Eu fico pensando sobre como a morte tem se tornado um caminho muito mais possível do que a vida para essa comunidade, porque o tempo que as pessoas trans têm para se explicar é muito curto. O Brasil não está preparado para assumir a própria culpa. A maioria da população é cristã - não colocando a culpa no cristianismo - mas a igreja tem o seu histórico. Não somos acolhidos nesse lugar que deveria acolher. O medo pode ser usado como combustível ou pode ser seu pior inimigo, daí vem os pensamentos suicidas. Tenho amigas trans que já tentaram suicídio por medo. “Minha família não vai me aceitar”, “Vou ter que morar na rua e me prostituir”, “Vou morrer aos 35”. Isso leva ao pensamento de “É melhor eu morrer logo, eu ter a autonomia de tirar a minha vida do que perder ela para alguém que não entende a complexidade do meu corpo”. Quando falo de mim, às vezes eu usava bigode e vestia “top”. Eu ficava assustada porque eu não ia passar um recado direto sobre o que eu era para as pessoas, e a dúvida pode ser um combustível enorme para maldade. Eu precisava estar sempre um passo à frente, mas é cansativo ter de estar sempre atenta.

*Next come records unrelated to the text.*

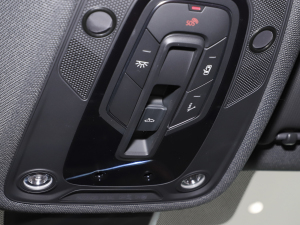 20223.0T Coupe п؅^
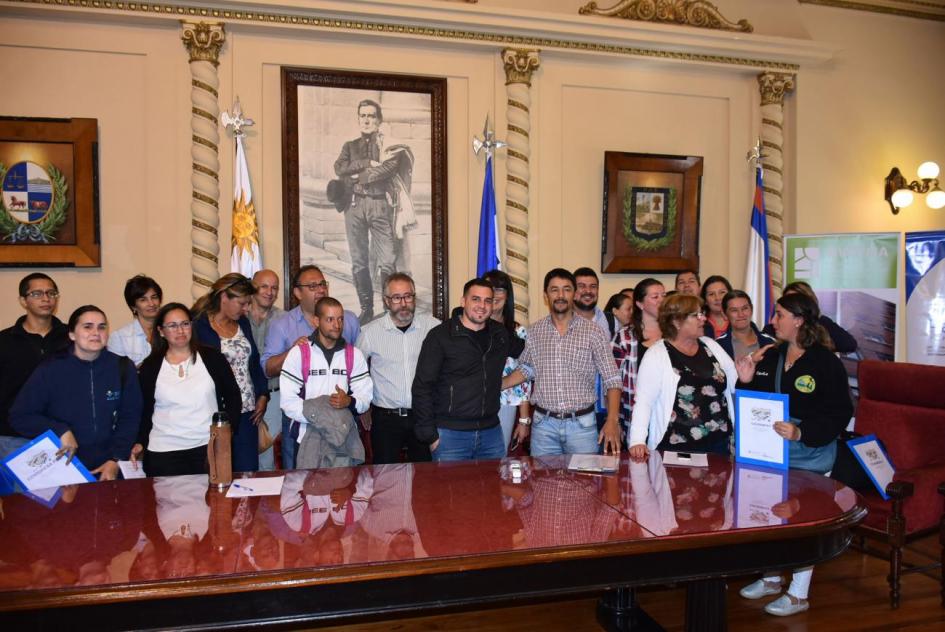 Visita al litoral Autoridades al rededor de una mesa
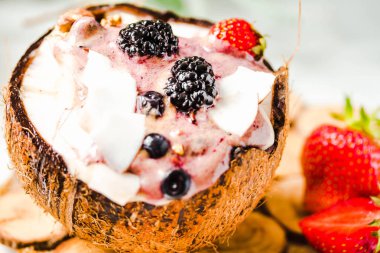 Fıstık ezmesi ve çilek sosu bir coco ile Berry güler yüzlü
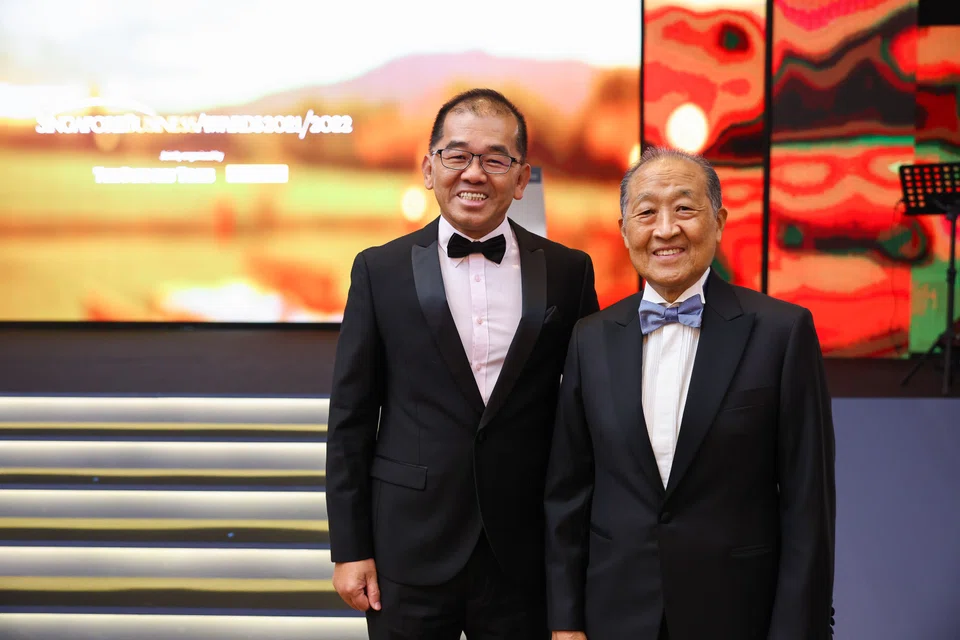 Tng Ah Yiam (left) NTUC FairPrice Co­operative’s chief
procurement officer and Stephen Lee, chairman of the SBA
judging panel.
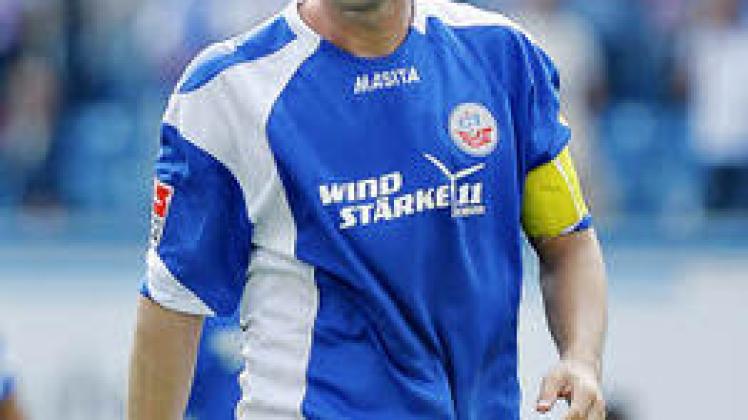 Martin Retov blickt beim FC Hansa schweren Zeiten entgegen: Der bis 2011 unter Vertrag stehende Däne ist derzeit nur die Nummer vier auf seiner Position und spielt mit dem Gedanken, die Kapitänsbinde abzugeben. Georg Scharnweber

Toda essa consciência e esse sentimento de imposição do seu valor vem de onde?

Eu não existiria se não fosse minha mãe. Quando eu resistia aos pensamentos suicidas, aos 11 anos, ela foi um dos fatores que me fez não sucumbir. Eu vejo que ela me deu respostas para perguntas que eu não tinha feito: que sentiria minha falta, que me amava. Logo, eu fui entendendo que nós não somos possíveis sem outras pessoas. Eu não seria possível sem minha mãe, sem minhas amigas de infância e adolescência, sem minha terapeuta.

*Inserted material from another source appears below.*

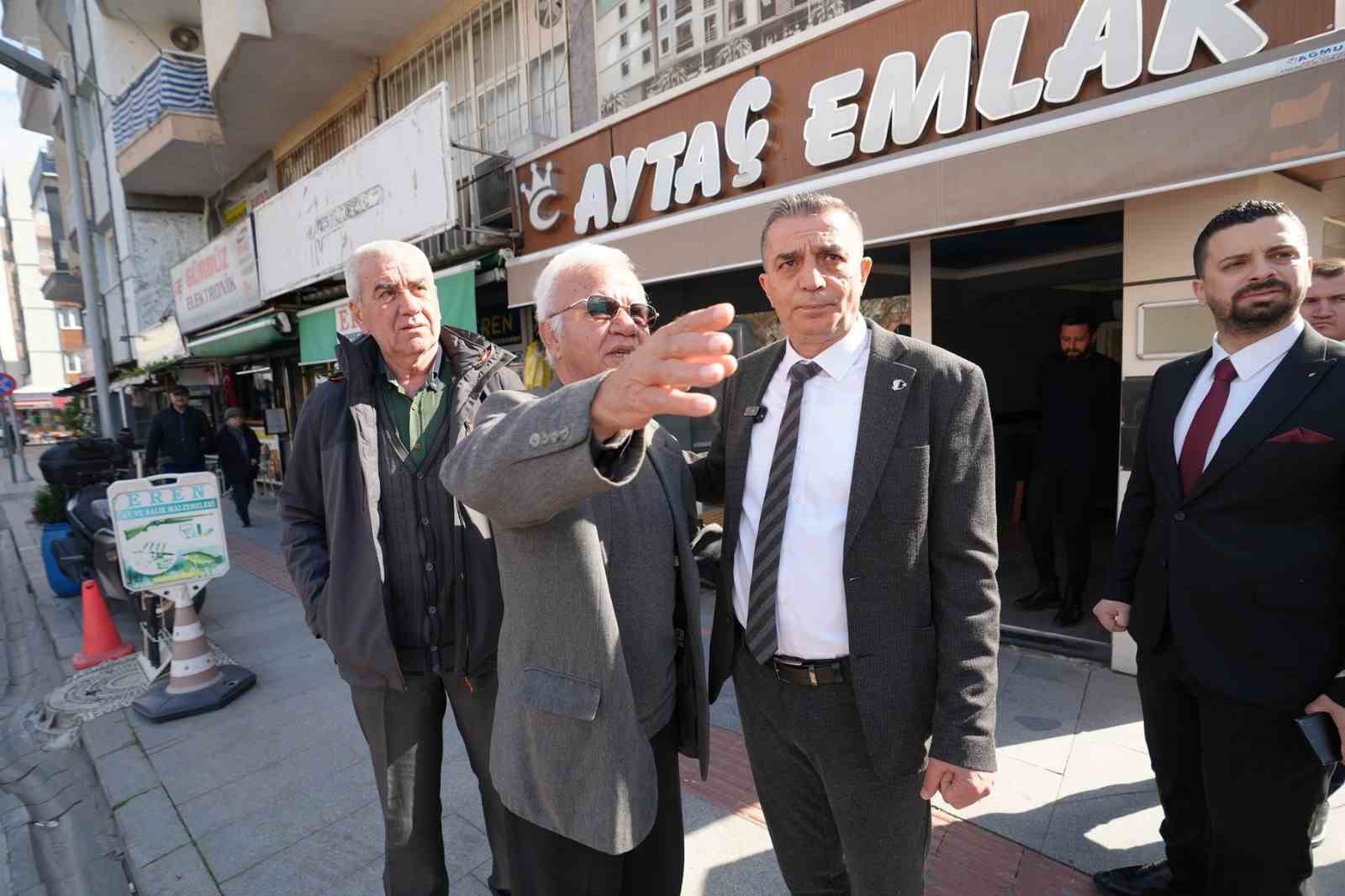 Başkan Şimşek esnafın sorunlarını dinledi
Başkan Şimşek esnafın sorunlarını dinledi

Você já sentiu receio de falar sobre saúde mental, ansiedade, depressão, por medo do julgamento ou alguma reação negativa?

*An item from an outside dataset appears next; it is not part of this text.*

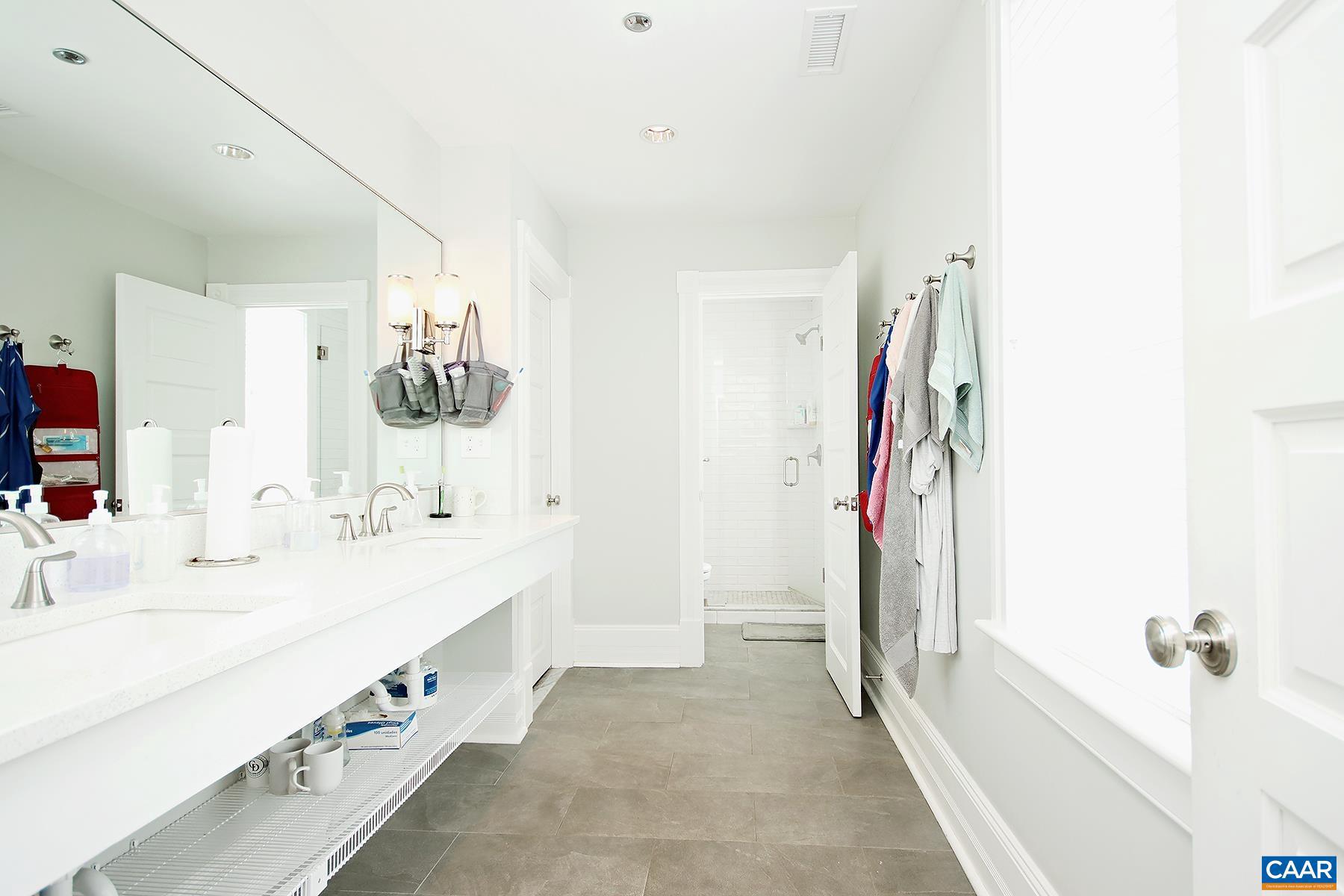 RUGBY - Residential Lease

Esses assuntos eu costumo tratar somente com quem tenho afinidade. É um lugar constituído de muito tabu. O medo é muito presente na minha vida. No entanto, tenho um trabalho cujo título é “Por Trás do Medo Está a Liberdade”, em que venho tentado não deixar o medo me vencer, mas não tento vencer o medo, o que deve ser uma coisa inalcançável ou muito difícil de se conquistar. Então, eu tenho sim medo de falar, de me posicionar, de me impor, mas por trás do medo está a liberdade. E quando venço, vejo que acabou e começo a me reorganizar para um novo desafio, onde também há medo - e percebo que este também não pode me vencer. Em seguida, vou para o próximo desafio...


Como você chegou a um profissional que pudesse te orientar, no caso sua terapeuta?

Eu tenho um histórico com vários psicólogos. Eu comecei quando criança, houve uma época em que estava bem agressiva, então minha mãe me levou. Eu tive esse acompanhamento com o psicólogo por um tempo considerável e ele começou a relativizar muitas coisas, como o bullying. Ele tentou transferir essa culpa para mim e eu não quis mais ir. Passei um tempo sem fazer terapia e no ensino médio eu voltei porque comecei a ter crises de vômito por conta da ansiedade. Ao entrar na universidade, parei de ir e só voltei a ter acompanhamento uns dois anos depois. Eu encontrei a minha terapeuta atual através do site “Mapa da Saúde Mental”, que é um projeto com psicólogos de vários lugares do país; ela se interessou pela minha história e então nos encontramos.


O que você diria para alguém que está passando por esse momento de descobrimento e identificação?

Nós não podemos deixar as violências serem precursoras da nossa história. No meu caso, não posso deixar que o racismo e a LGBTfobia sejam ditadores da minha história. Como? Encontrando, no meio de toda essa dor, um motivo e se agarrando a ele. Eu venho me agarrado em contrariar. Na Arte, venho me agarrando à mentira como um discurso real e possível. Eu precisei me sentir perdida para me encontrar. Quando me encontrei, me agarrei na ideia de contrariedade e isso me manteve viva. Se agarre ao seu estudo, ao seu trabalho ou a qualquer coisa que te faça bem. Não deixe isso te tornar pequeno, pois coisas maiores, como as violências, vão acontecer e se não tivermos uma âncora, podemos afundar.